Stonehenge ‘inspired by sounds’

An American researcher has claimed that ancient Britons based the design of Wiltshire’s Stonehenge on the way they perceived sounds. Steven Waller, an expert in the roles that sound might have played in ancient cultures (known as ‘archaeoacoustics’), said: “My theory is that the ancient Britons, when they were hearing two pipers in a field, were experiencing sound wave interference patterns, where in certain locations as you walked around the pair of pipers, you would hear loud or quiet zones.” Waller also stated that his ideas were supported by measurements he had made of the acoustic shadows actually cast by the Stonehenge megaliths.

Wooden sarcophagus unearthed at Egyptian necropolis

A wooden sarcophagus believed to hold the body of a person of rank has been unearthed by archaeologists at the necropolis of Qubbet el-Hawa in Aswan, Egypt. A team of archaeologists has been working at the site since 2008 and has also discovered 20 mummies and a tomb dating from around 1830 BC. Qubbet el-Hawa necropolis was used from 2250BC and provided a burial place for some of the country’s most important officials. 

Archaeologists discover Jordan’s earliest buildings

A team of archaeologists from the University of Cambridge believes it has found evidence of 20,000-year-old hut structures in the Jordanian deserts. The research, which has been published in the journal PLoS One states that the team has recovered hundreds of thousands of stone tools, animal bones and other finds from the site, which today appears as little more than a three metre-high mound in the desert landscape. So far, two huts have been excavated but it is believed that more could be hidden beneath the sands. Dr Tobias Richter from the University of Copenhagen and one of the project’s co-directors commented that the huts had been dug into the ground and are between two and three metres in length. Intentionally burnt piles of gazelle horn cores, clumps of red ochre pigment and a cache of hundreds of pierced marine shells were also discovered inside the huts.

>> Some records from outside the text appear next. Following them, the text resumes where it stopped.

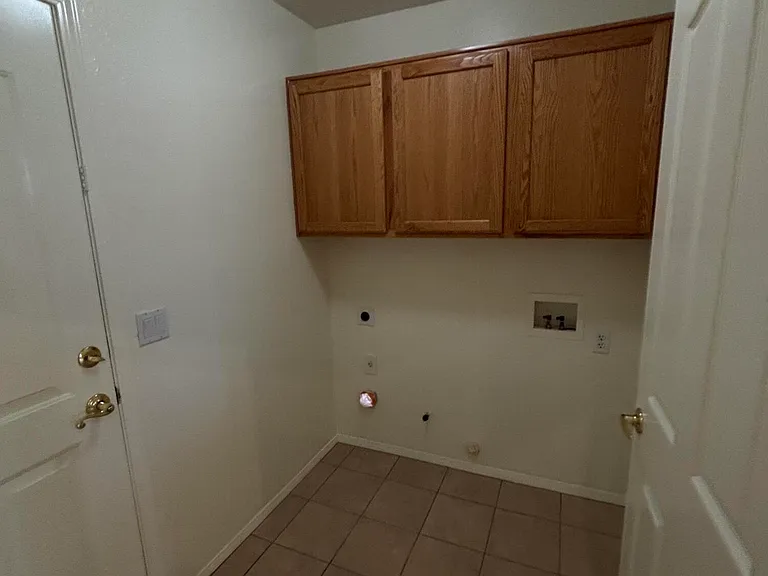 1083 S Viejo Dr — Photo 14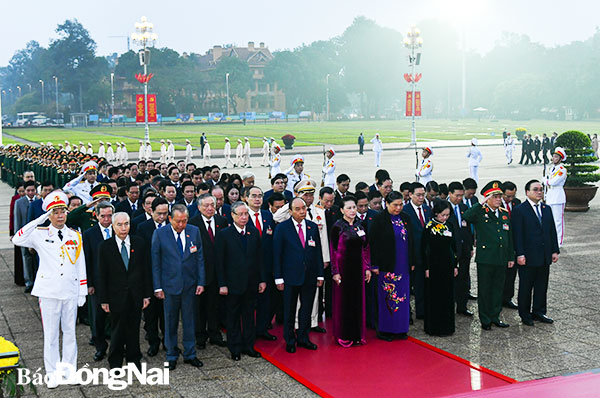 Đoàn đại biểu dự Đại hội đại biểu toàn quốc lần thứ XIII của Đảng viếng Lăng Chủ tịch Hồ Chí Minh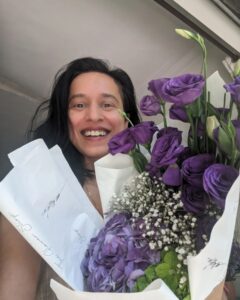 Tillotama Shome Instagram - Happy Sunday All!! Eustomas and Hydrangea love for the week to come from @theflowershop.one A broken Eustomas for a shot of love.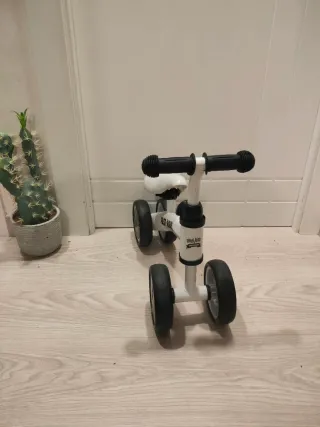 Correpasillos blanco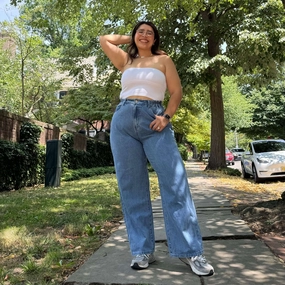 Flexible Ankle Cuffs Body Contour 29" Inseam Jeans - Light Wash *Clearance Sale*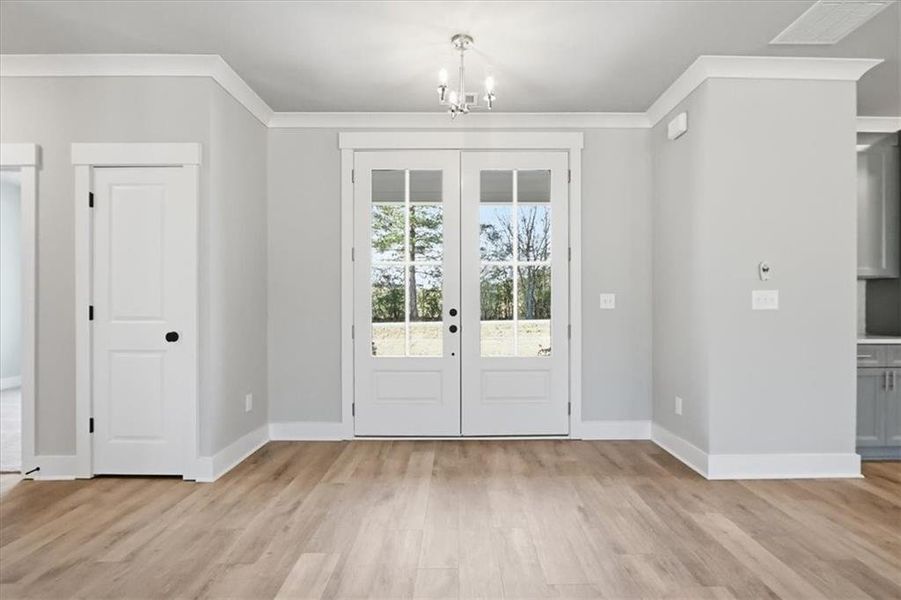 Spacious, unfurnished interior of a new home in , Statham (Image 23).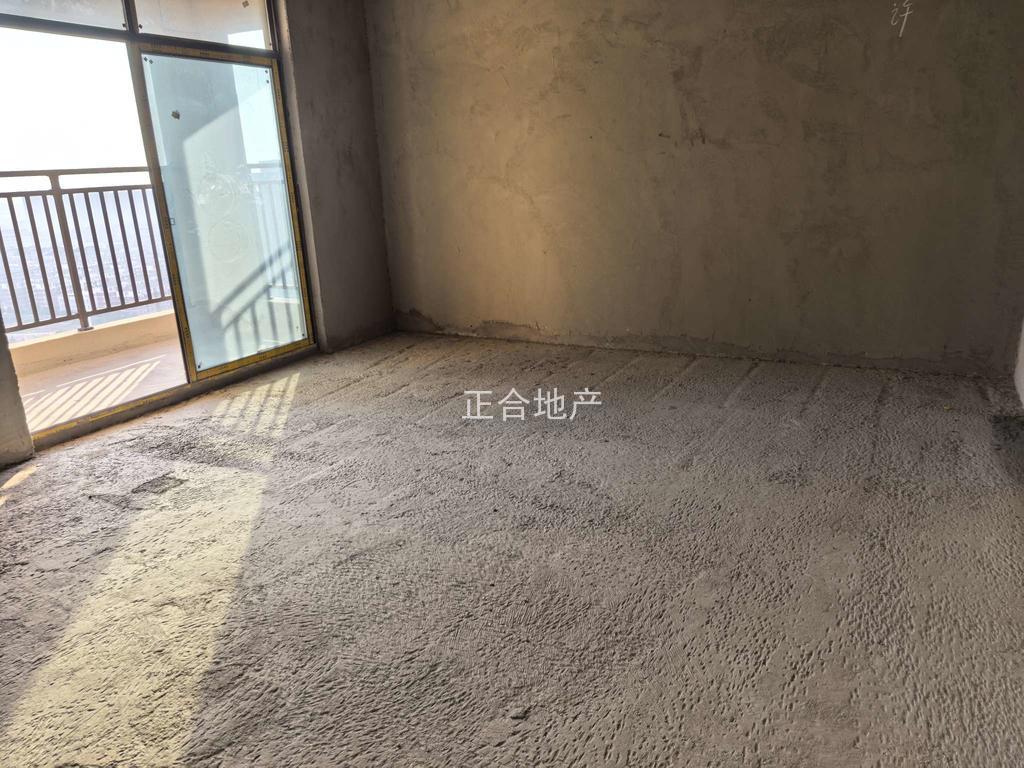 捡漏了！亏本出售，清华园，边户，单价4900，证满二，二中二小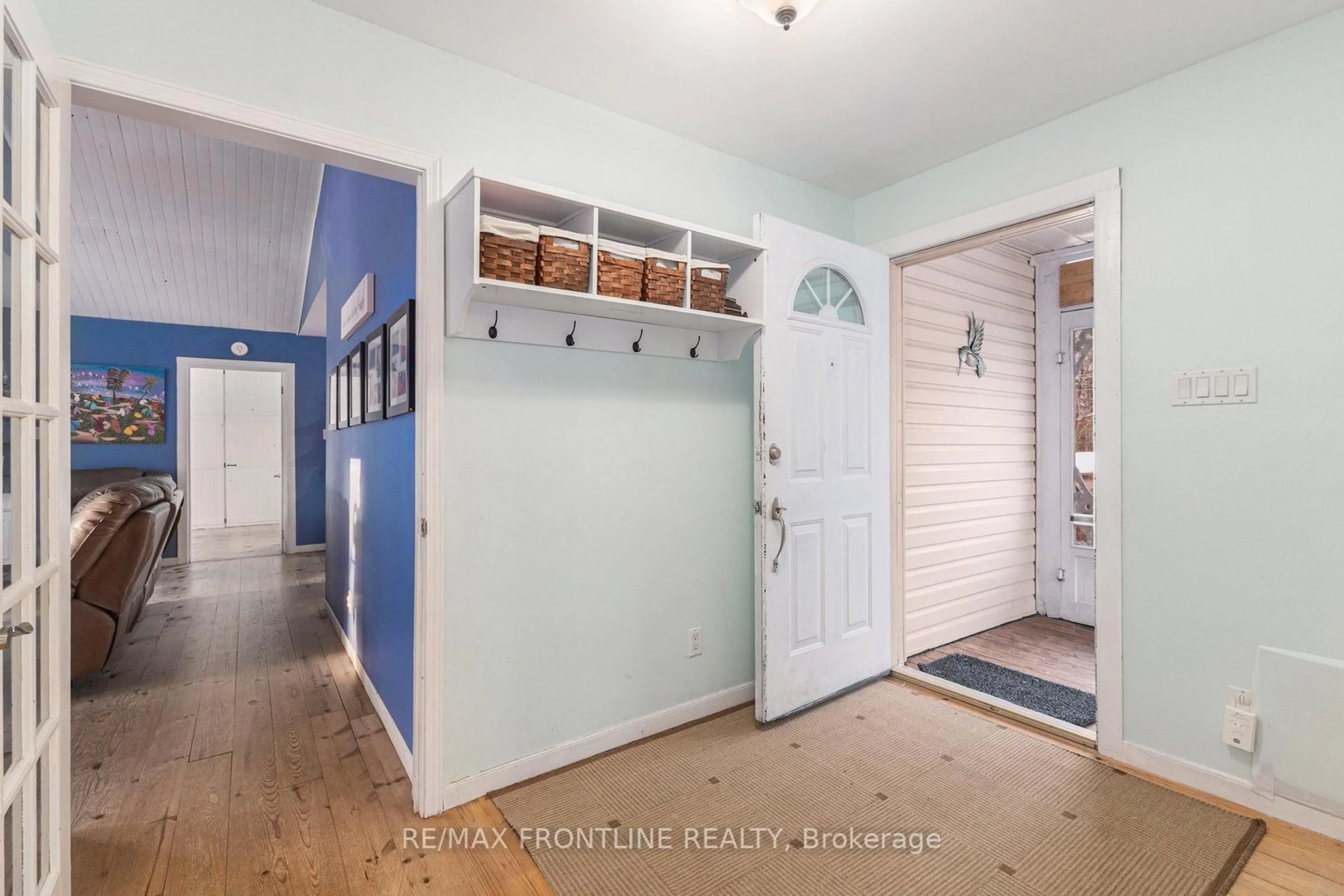 Indoor entryway for 242 Maberly Station Rd, Maberly Ontario K0H 2B0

Voyage ahead for oldest clipper

The world’s oldest surviving clipper ship, The Carrick, is one step closer to beginning its journey from Scotland to south Australia after parts for a 100-tonne steel cradle arrived in Irvine, North Ayrshire. The ship, which was built in 1864, was nearly broken up as it was rotting away with estimates for repairs in excess of £10 million. Some campaigners wanted the ship to return to Sunderland, where it was built, but lost out to the Australian bid. Once the ship reaches its final destination, it will become the centrepiece of a maritime heritage display in Port Adelaide.

‘Emily Bronte’ portrait sells for £4,600

A 33 by 24cm oil painting of what is thought to be 19th-century author Emily Bronte has sold for £4,600 at auction in Towcester. The painting, which is annotated ‘Emily Jane Bronte’, was estimated to fetch between £5,000 and £8,000.

And finally…

What is thought by some to be the world’s oldest pancake race was held in Olney, Buckinghamshire, on 21 February. The event dates back to 1445 and is believed to have begun with a townswoman arriving late for the Shriving service at the parish church.